Geloofsvertrouwen is Jezus’ gezag erkennen.
Marcus 9,20-24
‘Breng hem bij me.’ Ze brachten de jongen bij hem. Toen de geest hem zag, deed hij de jongen meteen stuiptrekken, en met het schuim op de lippen viel hij op de grond en rolde heen en weer. Jezus vroeg aan zijn vader: ‘Hoe lang heeft hij hier al last van?’ Hij antwoordde: ‘Al vanaf zijn vroegste jeugd, en hij heeft hem zelfs vaak in het vuur gegooid en in het water met de bedoeling hem te doden; maar als u iets kunt doen, heb dan medelijden met ons en help ons.’ Toen zei Jezus tegen hem: ‘Of ik iets kan doen? Alles is mogelijk voor wie gelooft.’ Meteen riep de vader van het kind uit: ‘Ik geloof! Kom mijn ongeloof te hulp.’

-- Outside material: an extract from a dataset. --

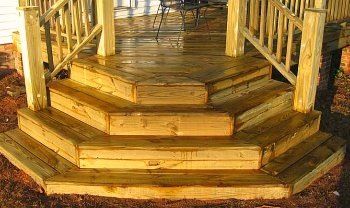 Deck stairs...this might be pretty cool for the middle of our deck (front entrance) Build Deck Stairs, How To Build Deck, Building Deck, Build Deck, Curved Deck, Porch Stairs, Deck Steps, Deck Installation, Enclosed Patio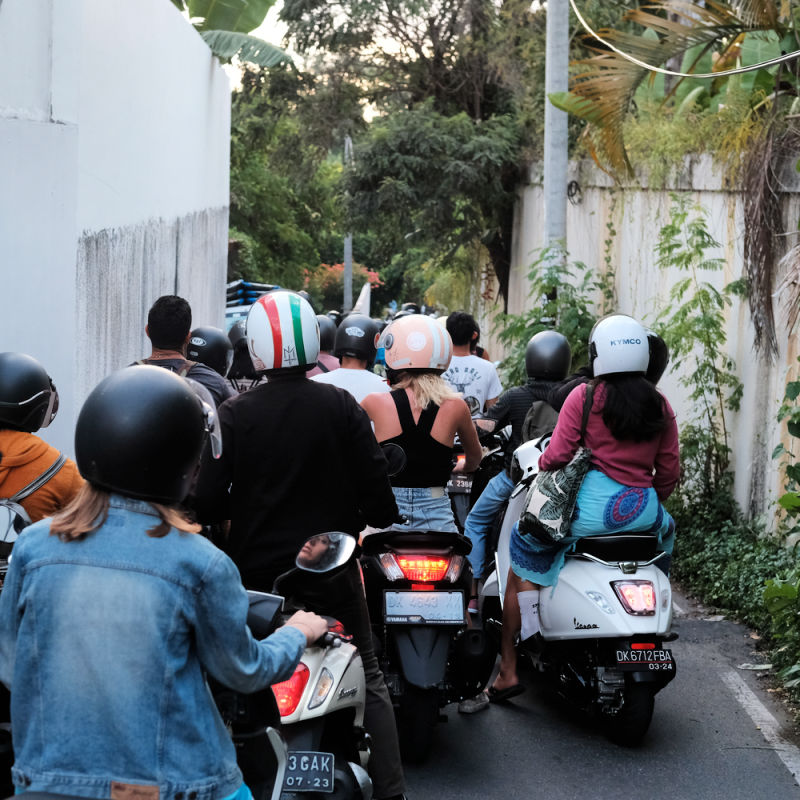 Traffic-Jam-in-Canggu-Bali-With-Mopeds-In-Gridlock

Als Jezus terugkomt vindt Hij een hele generatie vol ongeloof. De vader van de jongen is een vertegenwoordiger van dat ongeloof. Hij zegt tegen Jezus: “Als u iets kunt doen, heb dan medelijden met ons en help ons.” Deze vraag zit vol twijfel. Het ongeloof van deze vader is niet of Jezus echt bestaat. Jezus staat vóór hem. Het ongeloof van de vader is niet of Jezus wel oog voor hem heeft. Jezus kijkt hem aan en spreekt hem aan. Het ongeloof van de vader is of Jezus wel iets kan doen. Of Jezus’ gezag toereikend is om ons te helpen.
Jezus legt de vinger bij dat ongeloof: “Of ik iets kan doen? Alles is mogelijk voor wie gelooft!” Meteen roept de vader het uit: “Ik geloof! Kom mijn ongeloof te hulp!” Jezus brengt deze vertegenwoordiger van het ongelovige volk tot geloof. In één ogenblik wijkt zijn wantrouwen. De man stelt zijn vertrouwen op Jezus. Hij vraagt Jezus om Hem dat vertrouwen te leren.
Straks wordt niet alleen een bezeten zoon genezen. Eerst wordt een ongelovige vader tot geloof gebracht: Jezus, U hebt gezag over alle dingen. Geef mij vertrouwen in U.
Hoe staat het met mijn vertrouwen in Jezus? De vraag is niet of Hij bestaat en of Hij mij wel ziet. De vraag is of ik zijn gezag erken. En begin dan maar met zijn gezag erkennen over jouw eigen leven.